> EXERCISE DIRECTIONS: Beginning with the line that has "Nipplicious. Nipple Arousal" and ending with the line that has "日本未入荷品】訳あり品 1/24 アルファタウリ AT01 ピエール", retype the entries below exactly, except for the pictures.
------ DATA TO EXAMINE ------
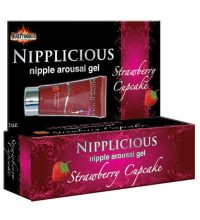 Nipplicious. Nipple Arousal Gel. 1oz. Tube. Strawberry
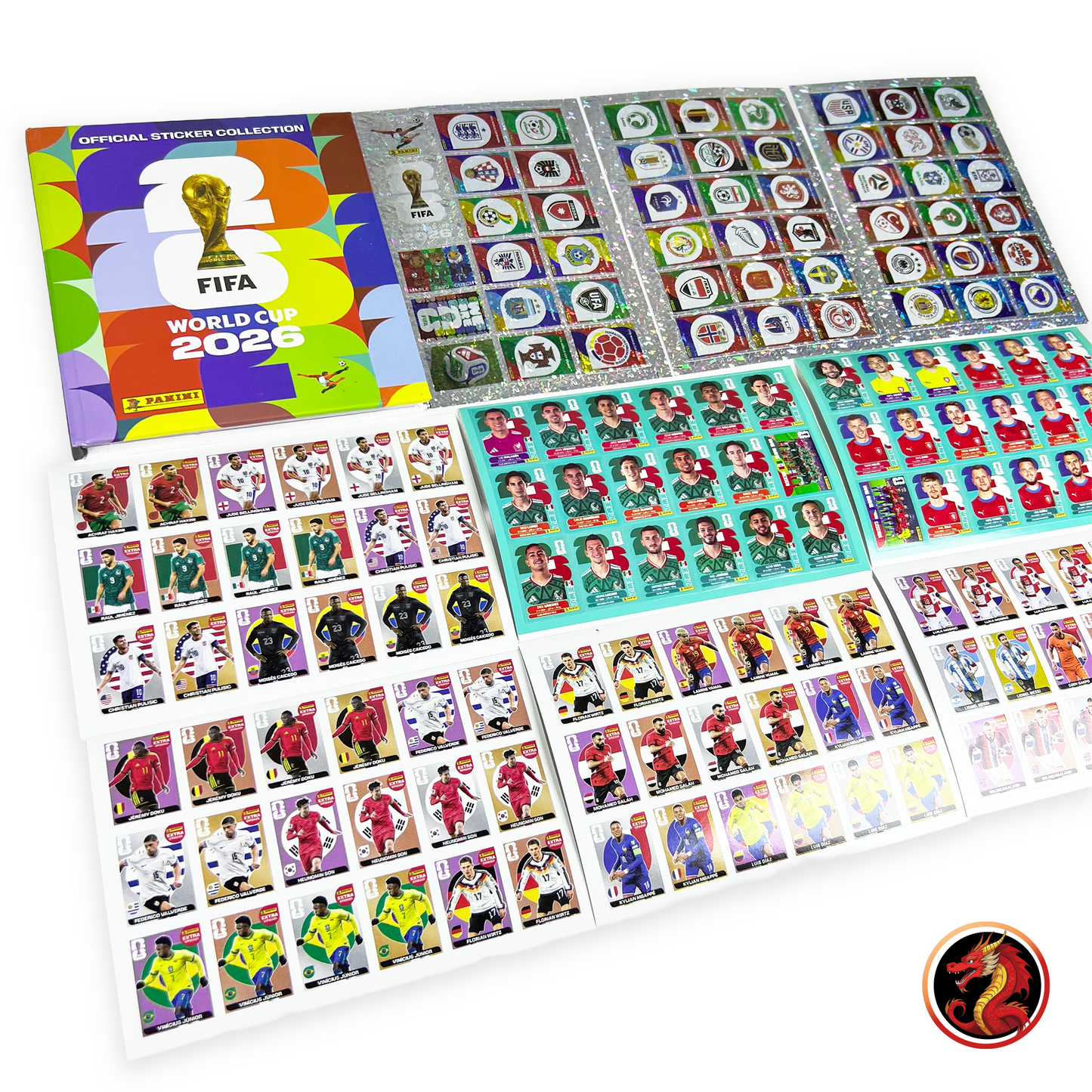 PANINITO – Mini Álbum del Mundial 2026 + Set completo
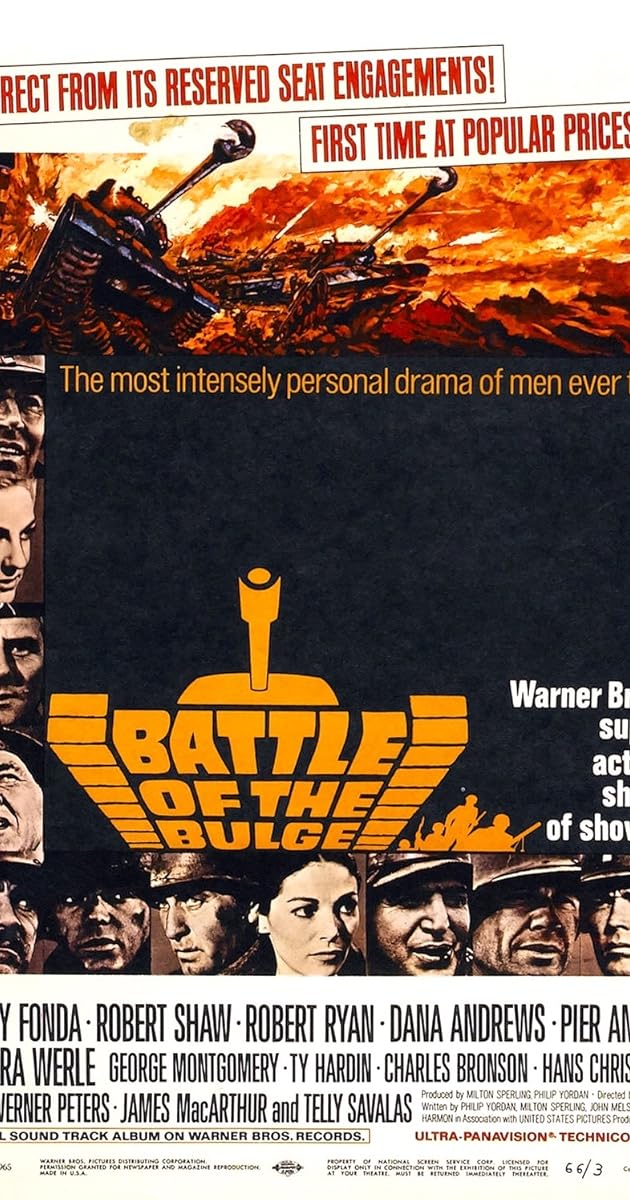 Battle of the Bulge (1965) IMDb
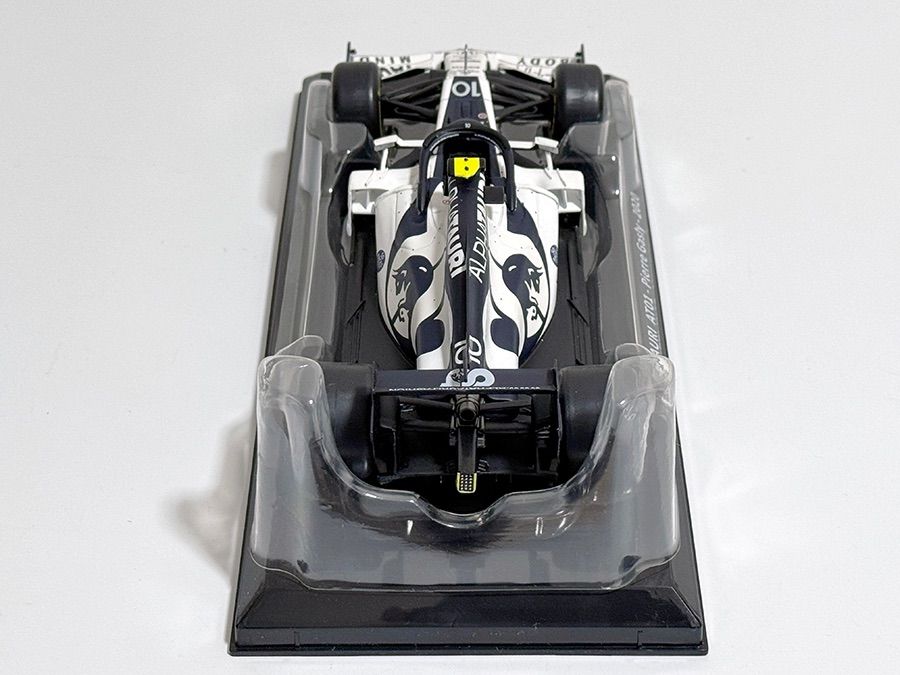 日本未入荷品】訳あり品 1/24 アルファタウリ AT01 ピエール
------
------ DATA TO EXAMINE ------
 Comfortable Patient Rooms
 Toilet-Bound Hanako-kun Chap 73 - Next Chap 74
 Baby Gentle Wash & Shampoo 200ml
------
------ DATA TO EXAMINE ------
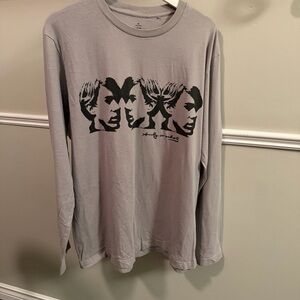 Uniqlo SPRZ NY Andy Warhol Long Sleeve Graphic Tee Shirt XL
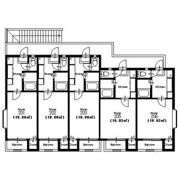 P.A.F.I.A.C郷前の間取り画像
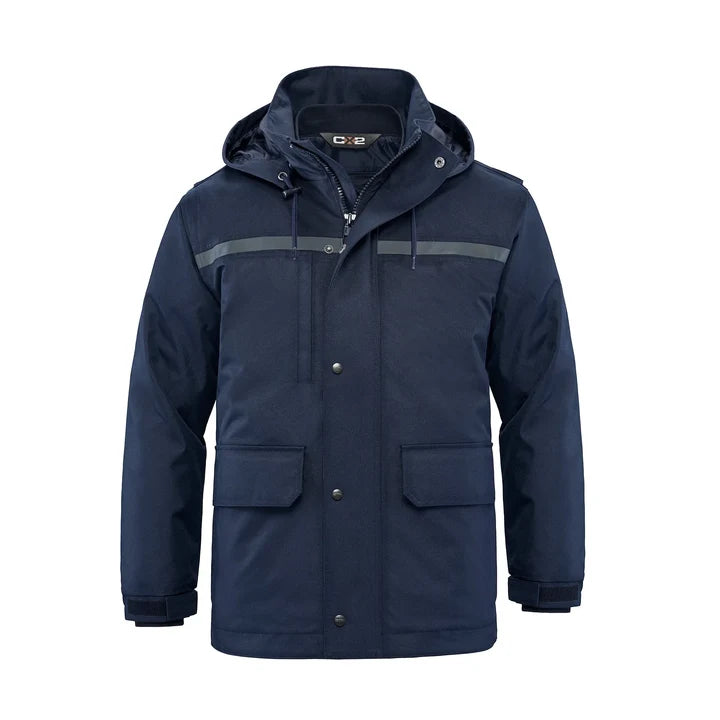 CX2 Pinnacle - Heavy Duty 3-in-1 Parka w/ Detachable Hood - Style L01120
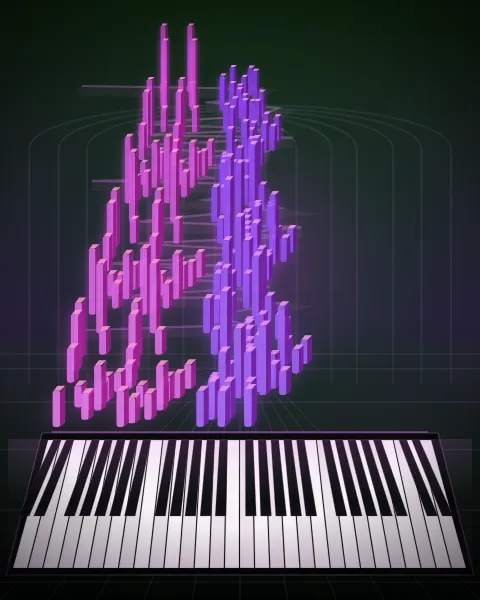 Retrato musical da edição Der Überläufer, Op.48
------
> SOLUTION BELOW:
 Nipplicious. Nipple Arousal Gel. 1oz. Tube. Strawberry
 PANINITO – Mini Álbum del Mundial 2026 + Set completo
 Battle of the Bulge (1965) IMDb
 日本未入荷品】訳あり品 1/24 アルファタウリ AT01 ピエール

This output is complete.